ASSIGNMENT -
Write out exactly the lines below from the one containing "Toy Model 1:12" to the last, both ends kept, and nothing more; skip all pictures.

START EXERCISE MATERIAL

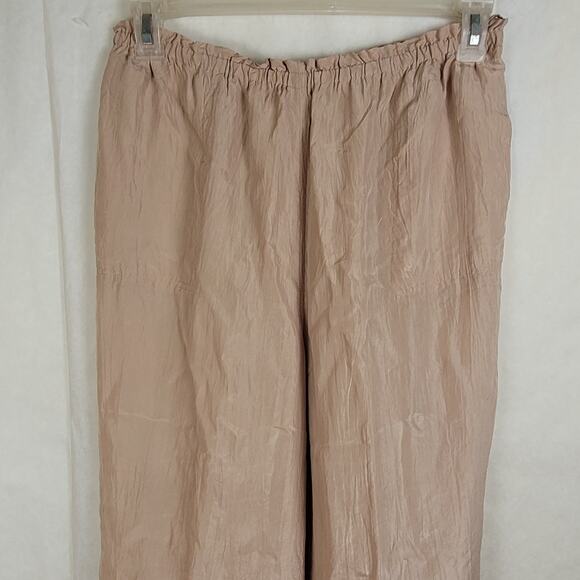 Via Seta beige silk pull on pants Size 12 pockets lined loungewear quiet luxury - Picture 4 of 9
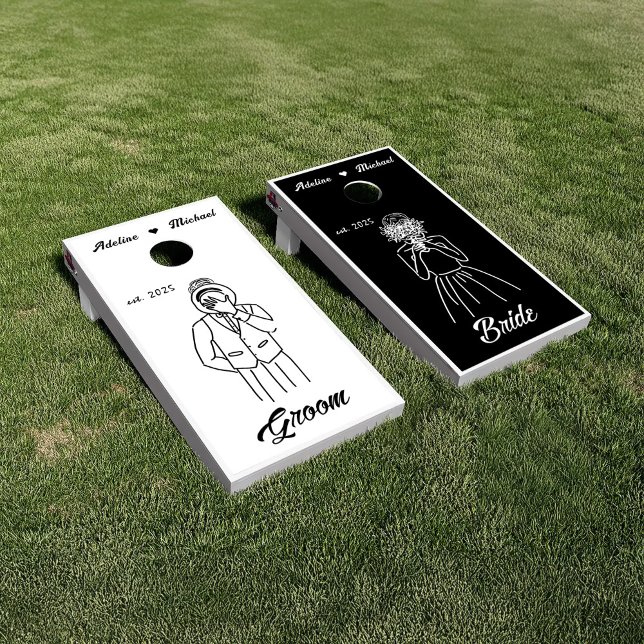 Modern Groom Bride Wedding Cornhole Set (Creator Uploaded)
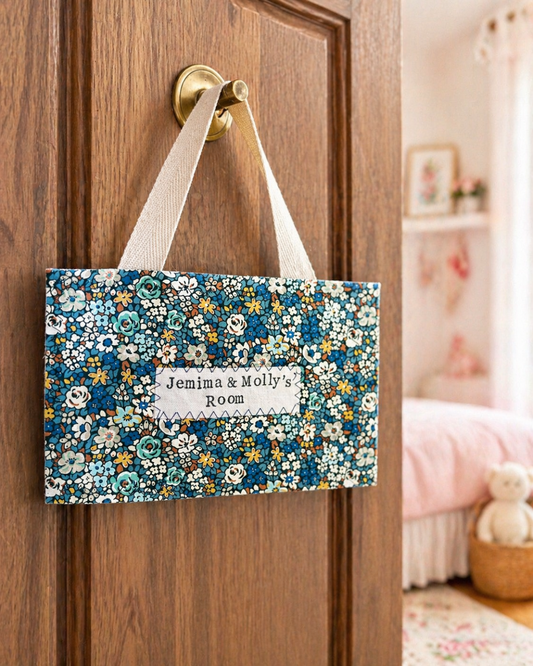 Personalised Kids Door Sign | Liberty Fabric Name Plaque, Nursery Room Hanger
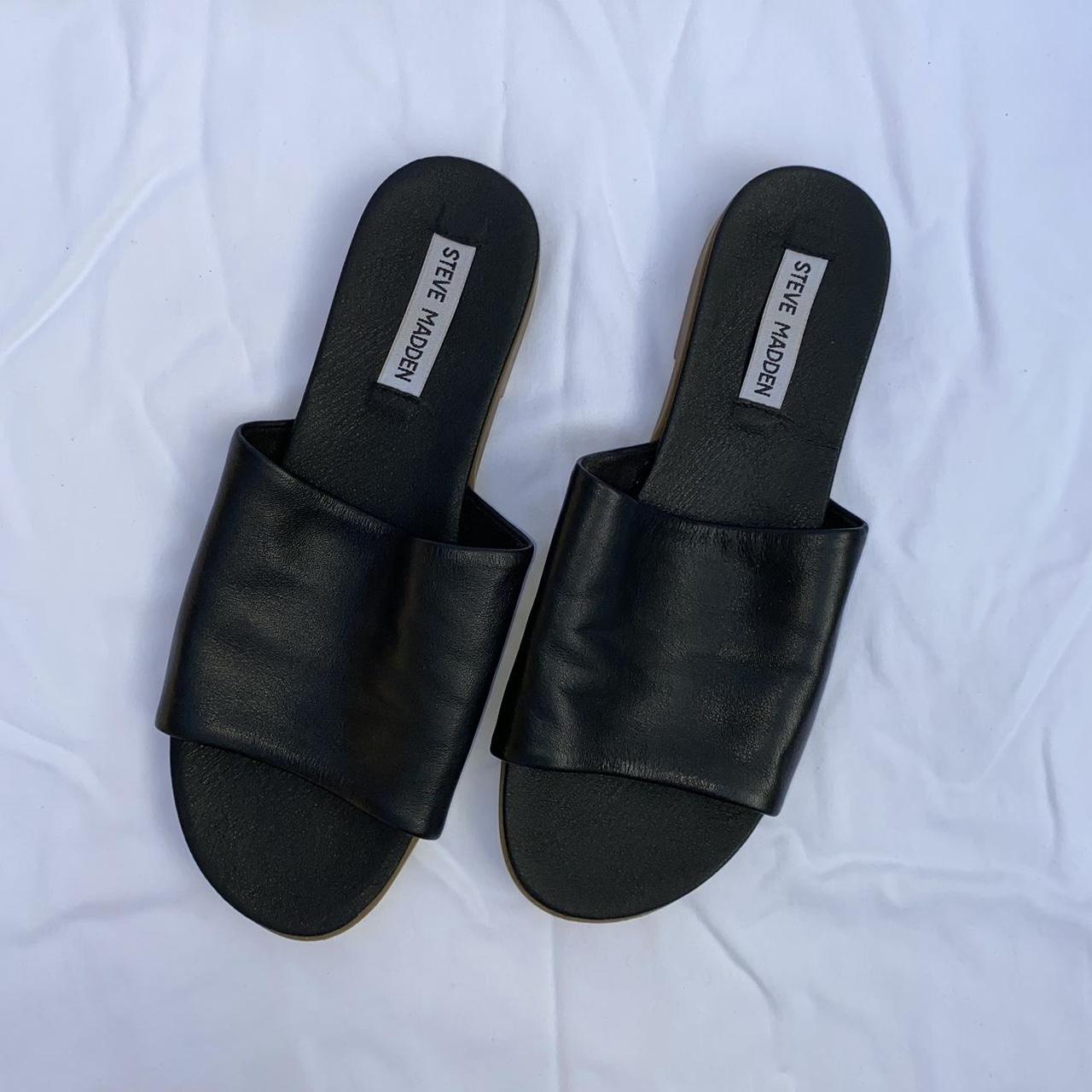 Steve Madden Kaya Black Leather Slides black slide... - Depop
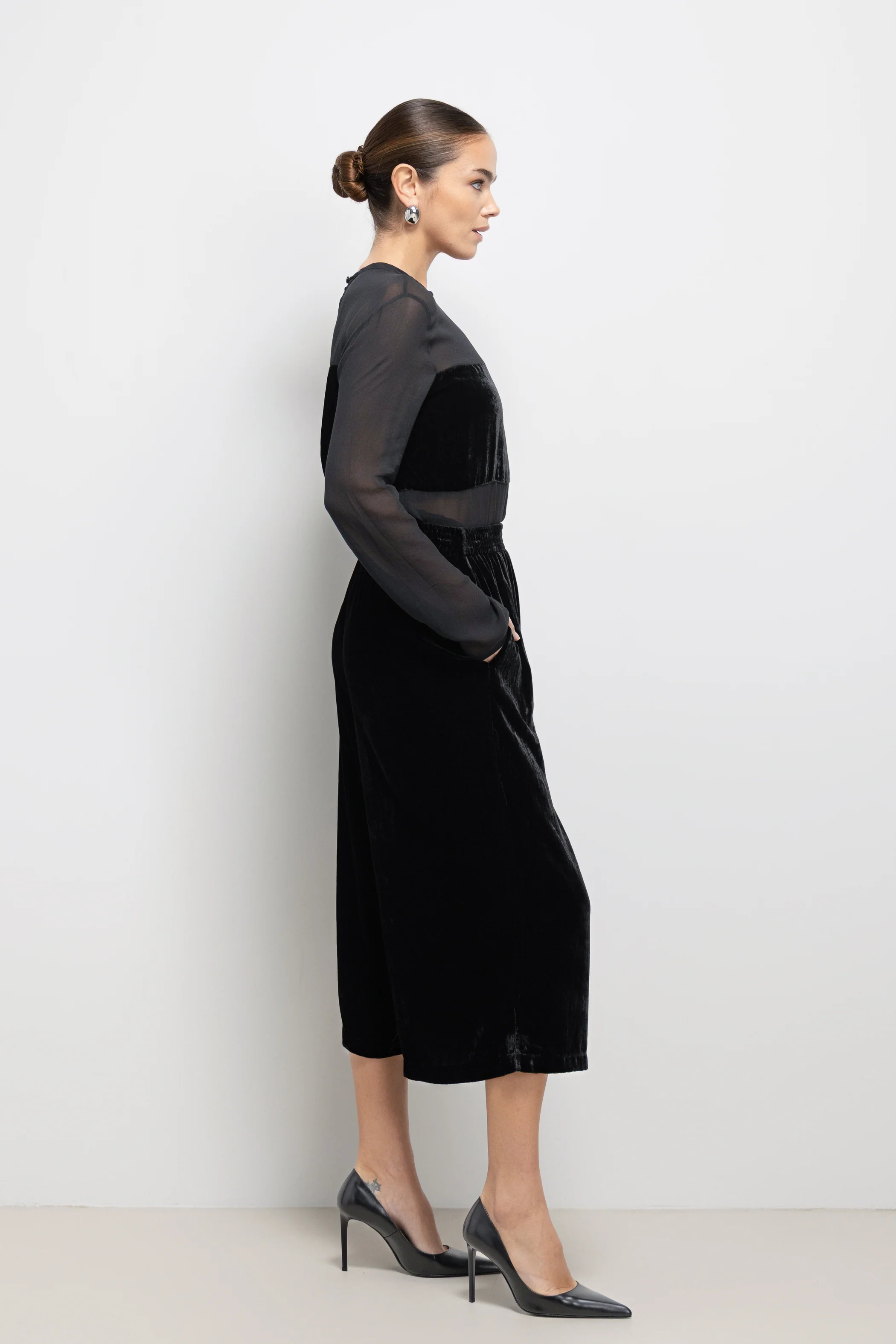 Dolores Sheer Velvet Top | Black - Image 4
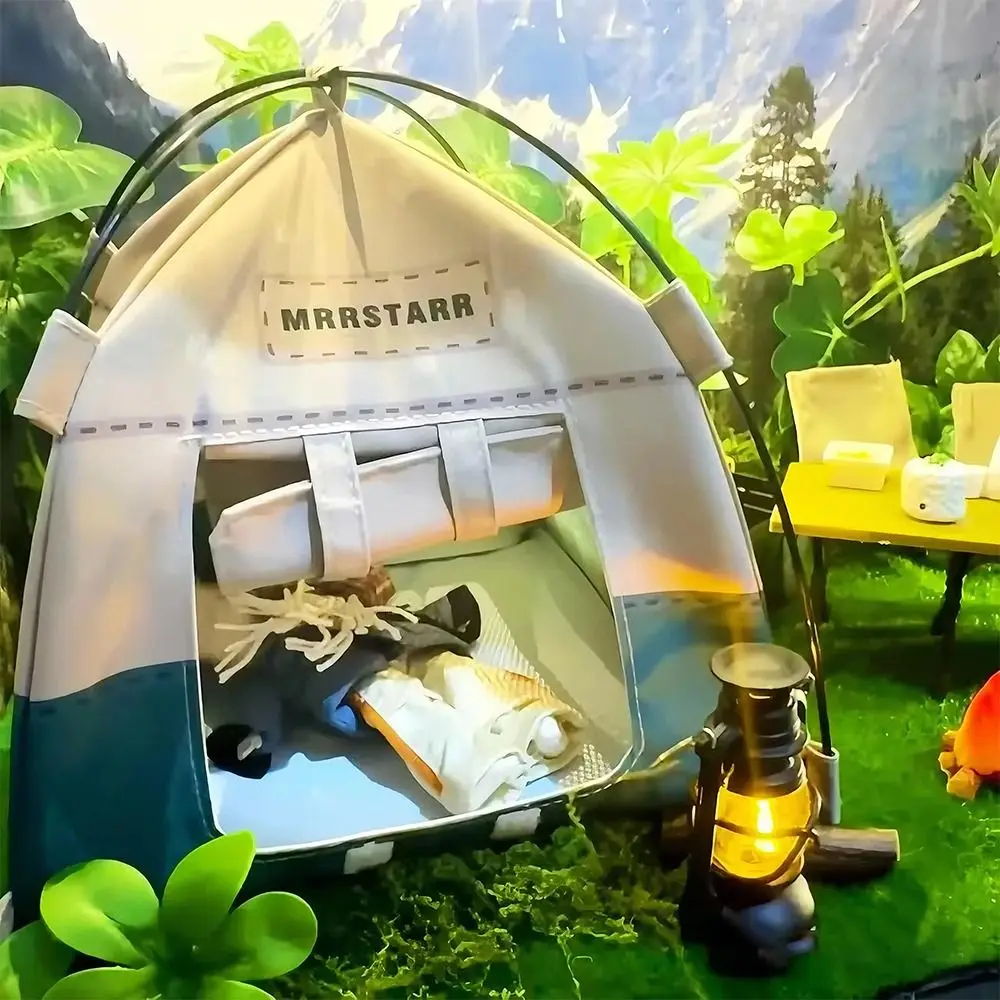 

Toy Model 1:12 Scale Camping Tent Model Oxford Cloth Simulated Dollhouse Miniature Mini Miniature Doll Tent Dollhouse Ornament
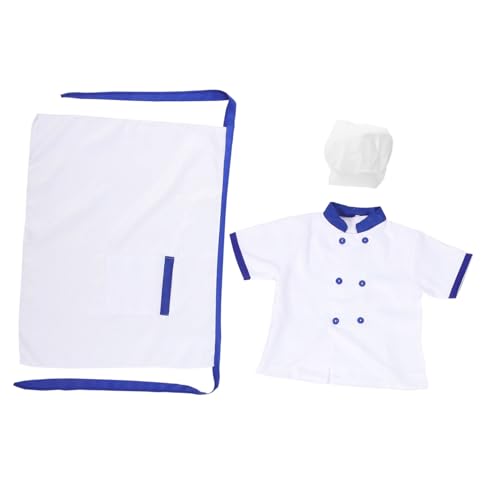 GALPADA Disfraz De Chef Para Niños Conjunto Cosplay Manga Corta Azul Transpirable Infantil Para Fiestas y Juegos De Rol Talla 120 Cm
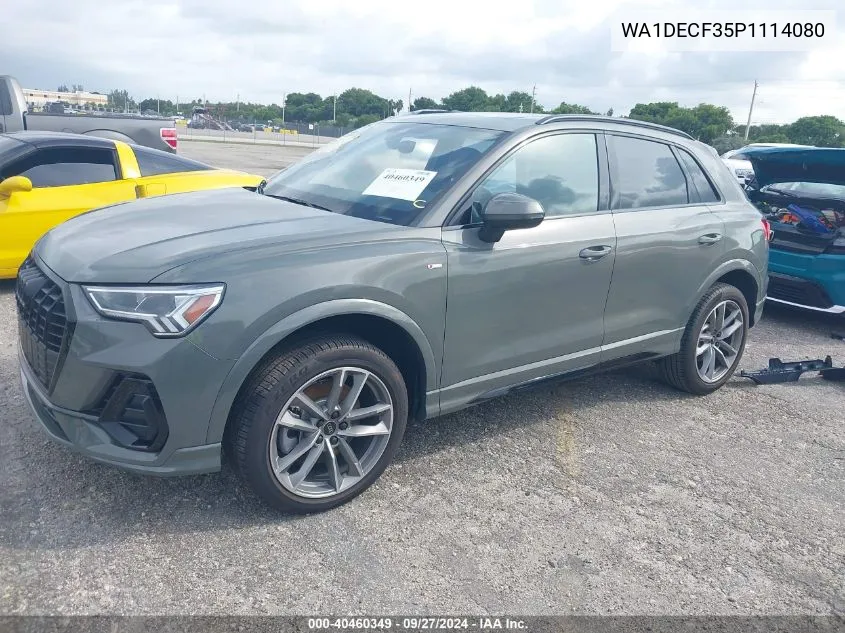 2023 Audi Q3 Premium 45 Tfsi S Line Quattro Tiptronic VIN: WA1DECF35P1114080 Lot: 40460349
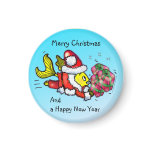 santa Clause Fish - funny cute Christmas cartoon magnets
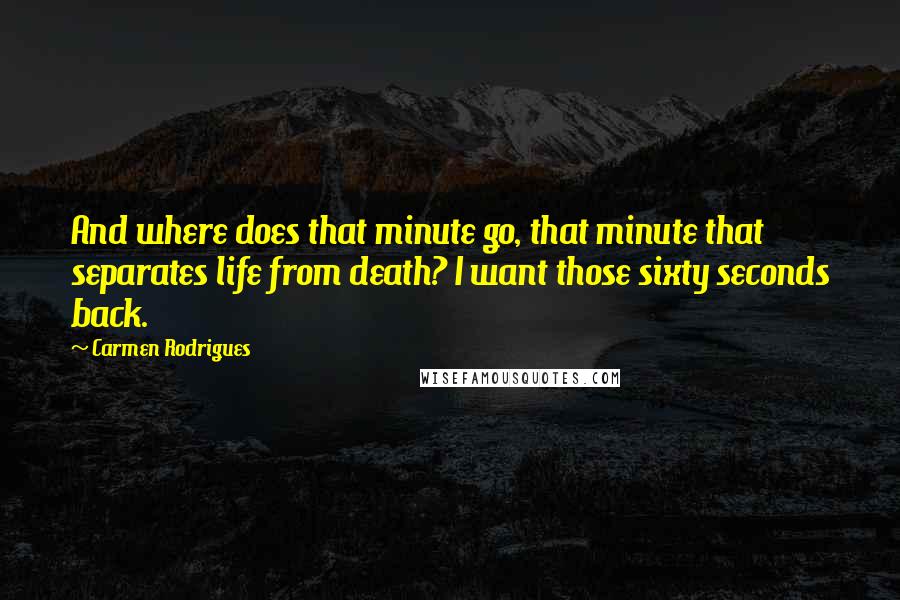 Carmen Rodrigues Quotes: And where does that minute go, that minute that separates life from death? I want those sixty seconds back.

END EXERCISE MATERIAL

RESPONSE -
Toy Model 1:12 Scale Camping Tent Model Oxford Cloth Simulated Dollhouse Miniature Mini Miniature Doll Tent Dollhouse Ornament
 GALPADA Disfraz De Chef Para Niños Conjunto Cosplay Manga Corta Azul Transpirable Infantil Para Fiestas y Juegos De Rol Talla 120 Cm
 2023 Audi Q3 Premium 45 Tfsi S Line Quattro Tiptronic VIN: WA1DECF35P1114080 Lot: 40460349
 santa Clause Fish - funny cute Christmas cartoon magnets
 Carmen Rodrigues Quotes: And where does that minute go, that minute that separates life from death? I want those sixty seconds back.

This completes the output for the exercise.